Task objective.
What you return must be the data below, word for word, without any images.

Data.
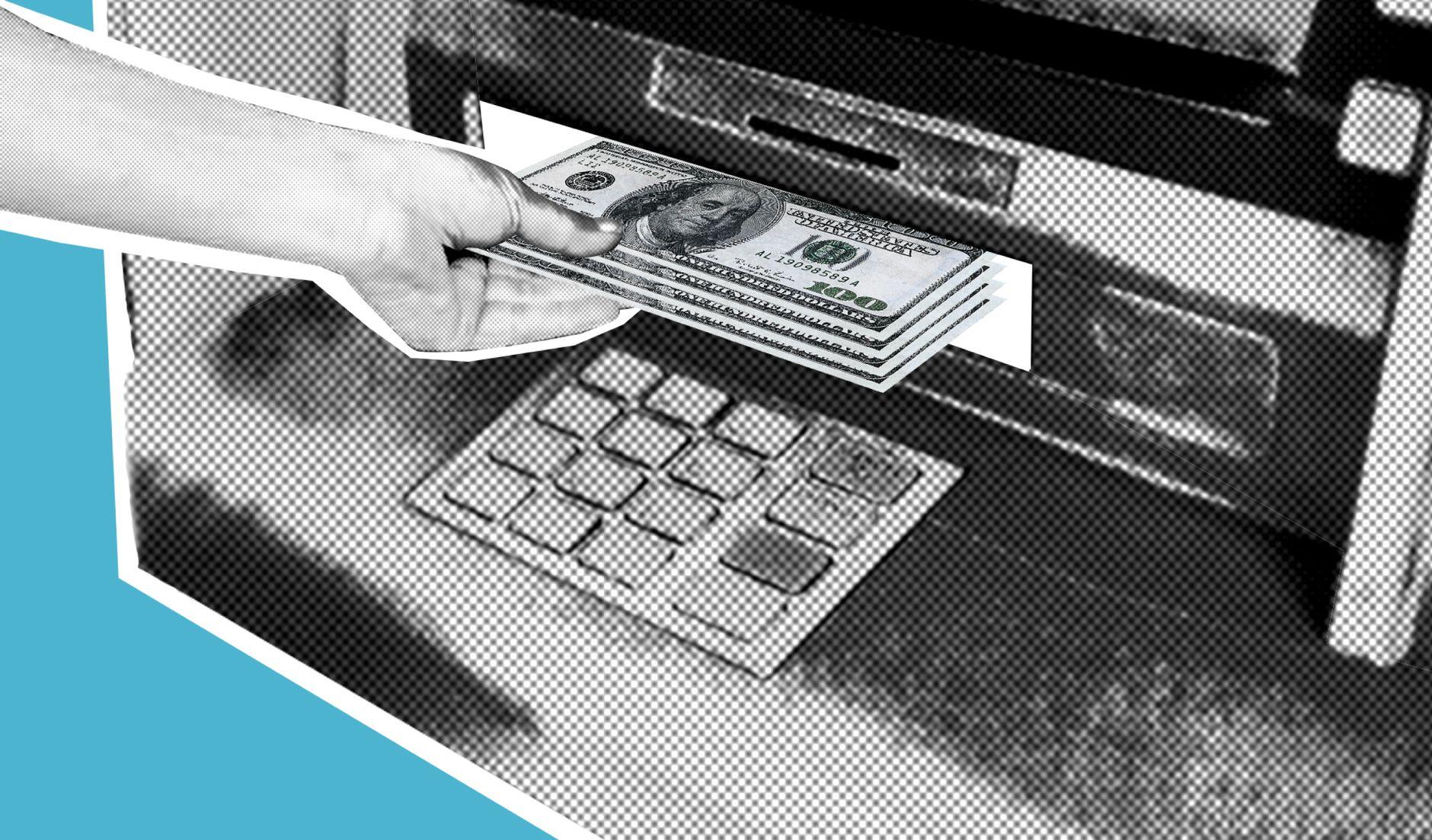 クラウドワークス 出金手数料を抑えるコツ 2026｜口座別の差と任意払いの使い分け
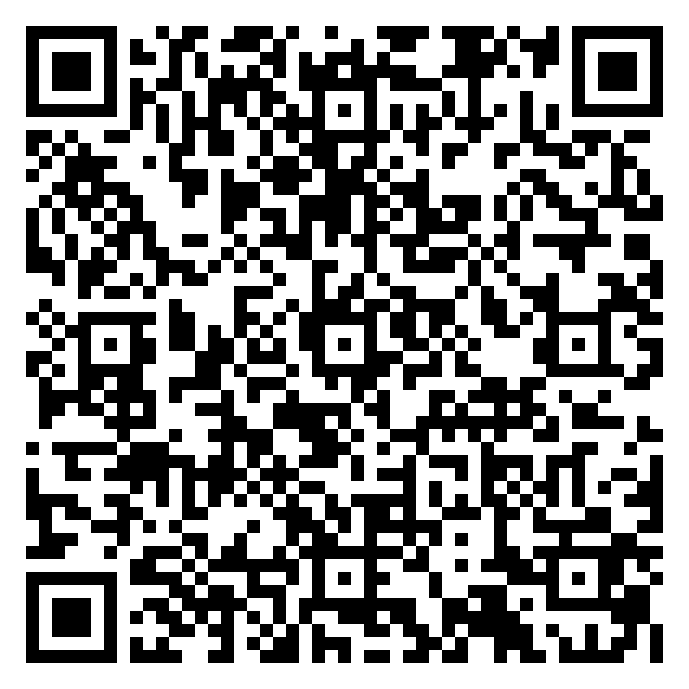 kod QR z danymi kontaktowymi 85270610500000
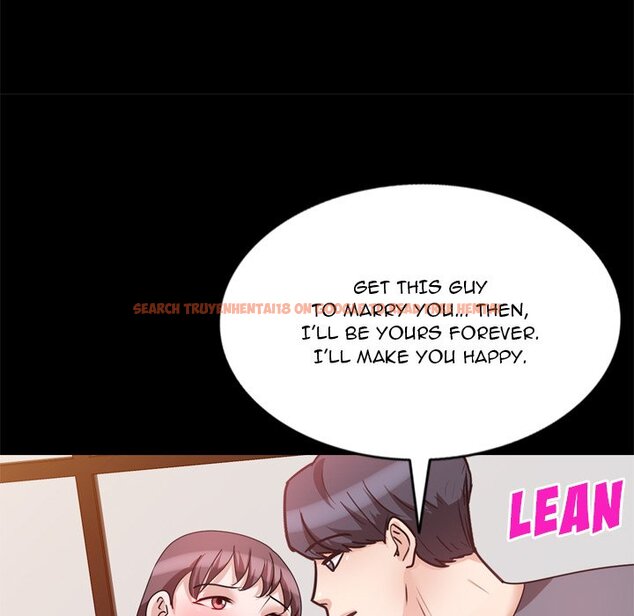 Read Hentai Image 29 796 in comic My Worst Lover - Chapter 25 - hentaitnt.net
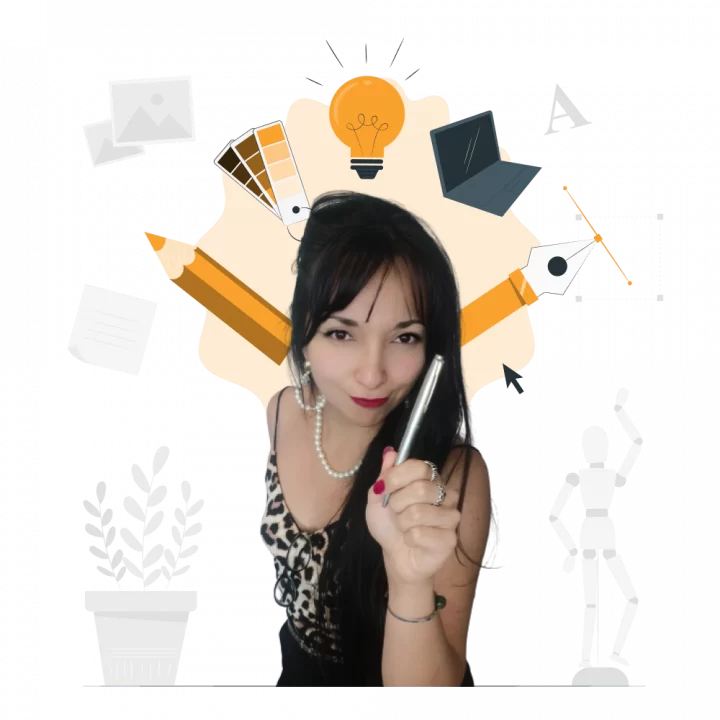 Methodologie - design thinking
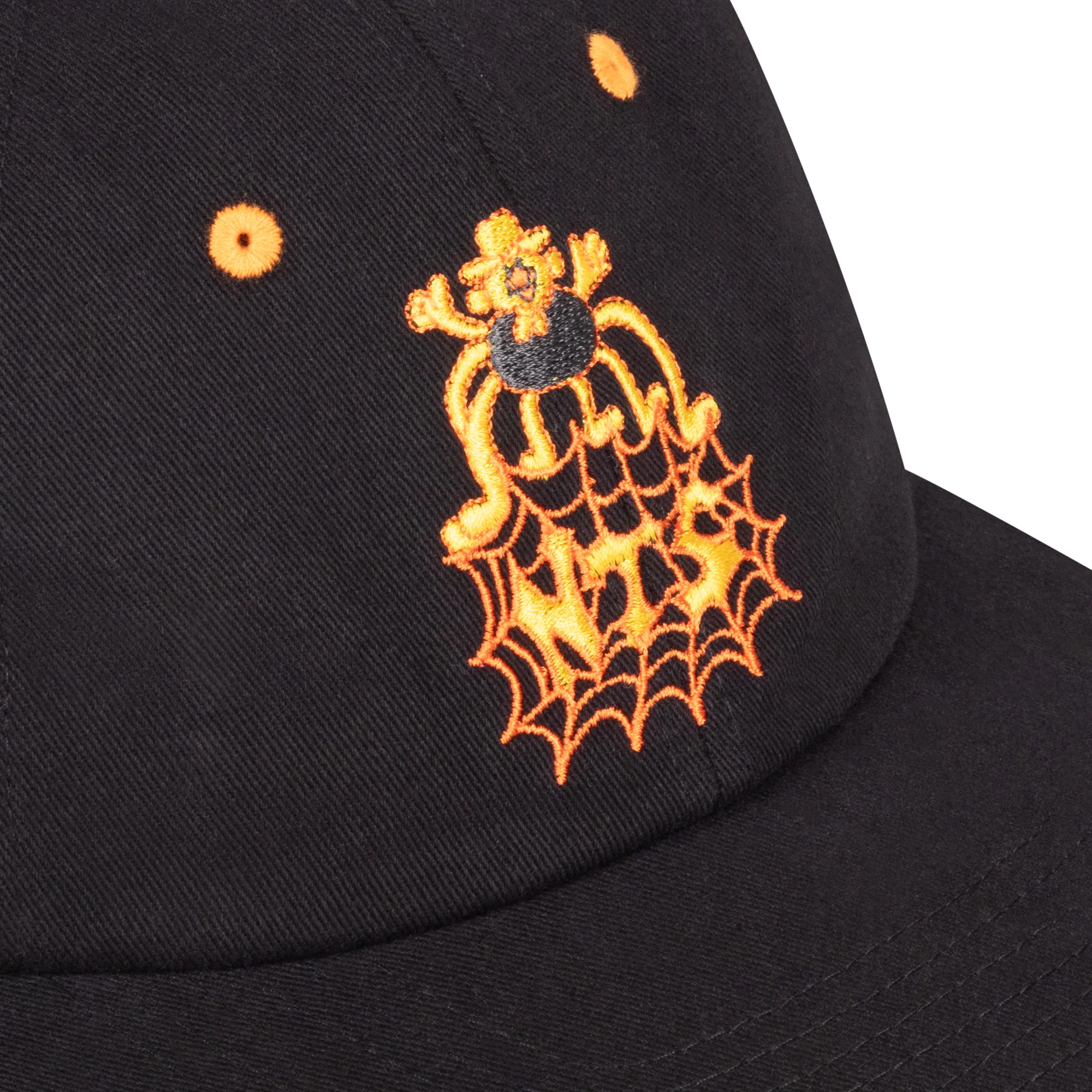 Spider Guy Cap - Image 3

Answer to the problem.
 クラウドワークス 出金手数料を抑えるコツ 2026｜口座別の差と任意払いの使い分け
 kod QR z danymi kontaktowymi 85270610500000
 Read Hentai Image 29 796 in comic My Worst Lover - Chapter 25 - hentaitnt.net
 Methodologie - design thinking
 Spider Guy Cap - Image 3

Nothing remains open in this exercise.